Djokovic Looks to Maradona as `Lucky Charm' at ATP Tennis Finals in London
With former Argentina soccer coach Maradona watching in the stands, the third-ranked Djokovic beat Berdych 6-3, 6-3 to open Group A play yesterday at the O2 arena in east London.
Maradona, who captained Argentina to World Cup victory in 1986, had received a mixture of cheers and jeers from the crowd as he entered the arena halfway through the first set. Djokovic was among those to welcome him.
“He’s a big legend,” Djokovic told reporters. “We never met in person. This was the first time. So he’s going to stay throughout the whole tournament. Hopefully he can be my lucky charm.”
Djokovic and Maradona, who had exchanged jerseys and rackets in the past, will play “a little bit of tennis and football,” today, the Serb said, adding that he kept one of the shirts Maradona sent him in “a special place” at home in Belgrade.
“He’s actually doing coaching,” Djokovic said when asked why Maradona had travelled to watch his match.
“We’re working on some specifics, like how to play with hands, high balls,” the Serb joked, referring to the Argentine’s handballed goal against England at the 1986 World Cup, which Maradona later described as the “hand of God.”
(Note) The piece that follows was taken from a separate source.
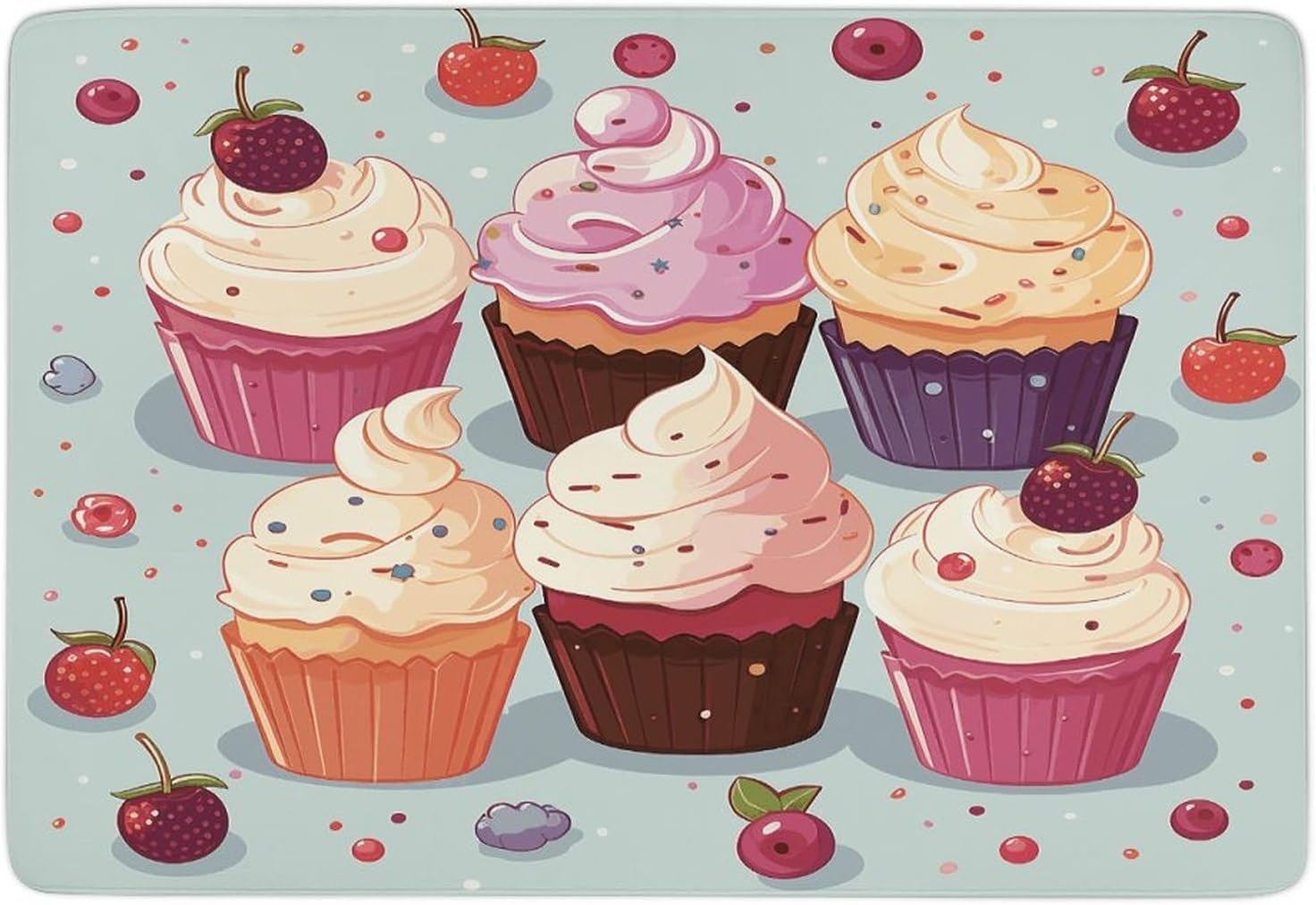 Delicious Cupcakes Carpet for Living Room,Washable Dining Room Non-Slip Under Table Rug 40“x60”Large Rugs Lndoor Home Decoration Stain Resistant Carpet for Bedroom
Maradona also met other players at the ATP Finals including top-ranked Rafael Nadal and Britain’s Andy Murray. Spain’s Nadal last night fought back from a set down to beat Andy Roddick of the U.S. 3-6, 7-6 (7-5), 6-4 in the other Group A match.
They’d all been star struck on meeting Maradona, according to Djokovic.
‘Kind of Nervous’
“He’s one of the biggest icons of the sport ever,” Djokovic said. “It’s normal that we’re all excited and kind of nervous in front of him when we speak to him.”
The year-end tournament in London, won by Russia’s Nikolay Davydenko last year, has a round-robin format. The top eight players from this season are split into two groups of four, with the top two in each section moving into the knockout semifinals.